● **EXERCISE DATA**:

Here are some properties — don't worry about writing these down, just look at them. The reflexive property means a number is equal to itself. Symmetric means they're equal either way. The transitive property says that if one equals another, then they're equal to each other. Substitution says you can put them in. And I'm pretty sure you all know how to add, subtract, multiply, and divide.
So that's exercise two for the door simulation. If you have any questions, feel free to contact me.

--

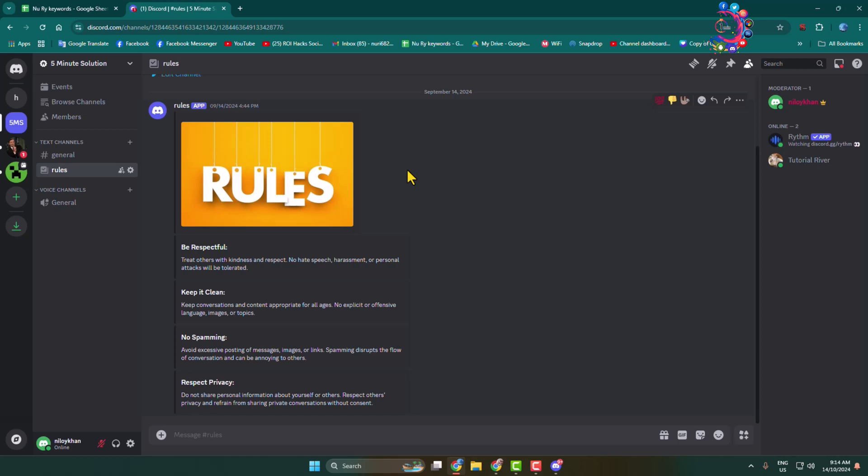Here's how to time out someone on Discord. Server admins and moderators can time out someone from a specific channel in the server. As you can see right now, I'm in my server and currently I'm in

--

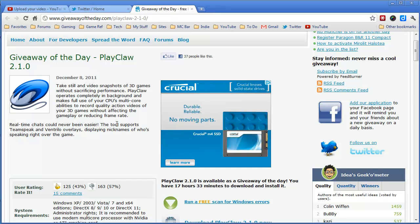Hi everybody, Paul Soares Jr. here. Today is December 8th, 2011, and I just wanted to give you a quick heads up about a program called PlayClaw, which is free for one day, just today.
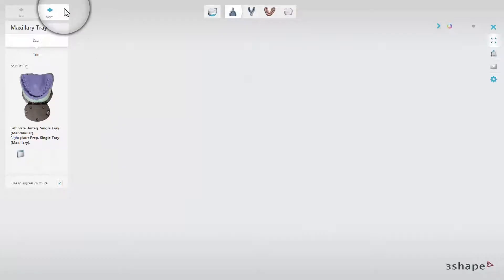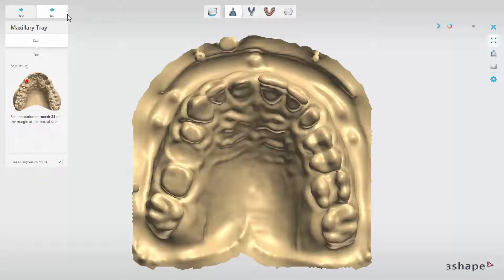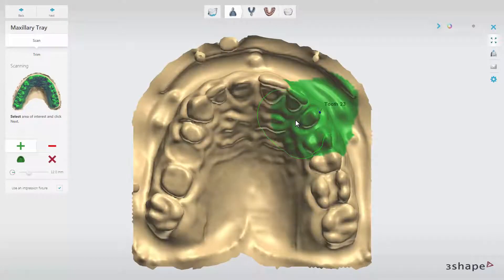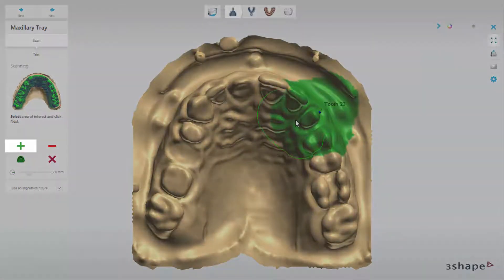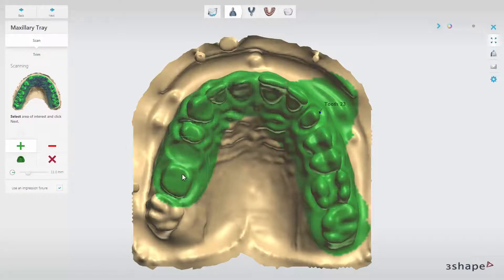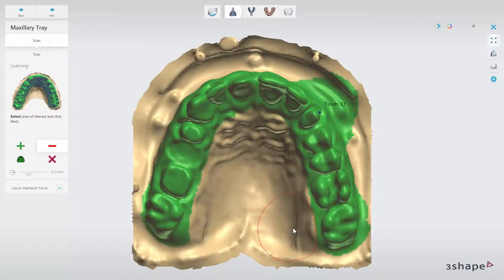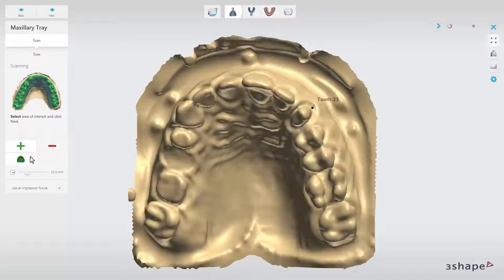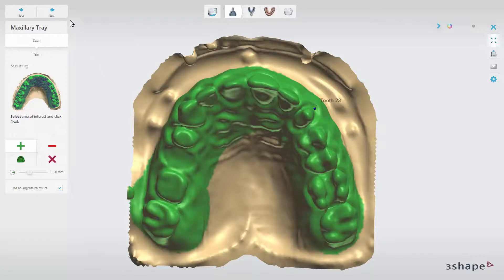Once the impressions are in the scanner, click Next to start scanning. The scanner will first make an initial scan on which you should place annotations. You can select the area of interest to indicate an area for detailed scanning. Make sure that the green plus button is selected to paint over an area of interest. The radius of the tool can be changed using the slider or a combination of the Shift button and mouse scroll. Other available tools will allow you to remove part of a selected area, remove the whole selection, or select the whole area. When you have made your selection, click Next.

● **ABOUT THIS TASK**: Taking the lines above, repeat exactly those from the line that contains "Here are some" through the line that contains "So that's exercise", and both of those lines as well. Include nothing else.

● **OUTPUT FOR THIS TASK**:
Here are some properties — don't worry about writing these down, just look at them. The reflexive property means a number is equal to itself. Symmetric means they're equal either way. The transitive property says that if one equals another, then they're equal to each other. Substitution says you can put them in. And I'm pretty sure you all know how to add, subtract, multiply, and divide.
So that's exercise two for the door simulation. If you have any questions, feel free to contact me.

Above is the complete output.